# when to switch to adult dog food ?



## brad91x (Dec 20, 2012)

i was wondering how long i should keep dozer on puppy food ? he is almost 9 months old and is 75lbs. and i know they arnt a large breed but would it be ok to feed him diamond large breed ? thats what my friends feed there boys??


----------



## nthn79 (Dec 5, 2012)

ours is 7/8 months, and has been on Acana since we got him at 6 months. He hasn't been on puppy food at our house, and all ours are on the same food. Moses is our middle dog at 40 pounds now, but our two older dogs are both 80 and 85 pounds respectively.

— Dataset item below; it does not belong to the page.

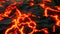 Black rock with fiery magma cracks texture, hot fire and burning lava on basalt rock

I think if you are feeding a high quality food that is what is most important.

Sent from my iPhone using Petguide.com Free App


----------



## Cain's Mom (Oct 25, 2012)

I stopped Cain on puppy food and went adult at around 6 months. He's done fine on adult. They are not large breed dogs you are correct so why not buy diamond for adult dogs? I personally feed 4Health from tractor supply co and both mine and have done wonderful on it. But food choice is about what you can afford. I recommend going to the health and nutrition section and look at the food rating chart in the stickies.

Sent from my iPhone using Petguide.com Free App


----------



## brad91x (Dec 20, 2012)

i checked out the chart on foods and the diamond had a score of 99 A . plus they sell it hear in town where i live


----------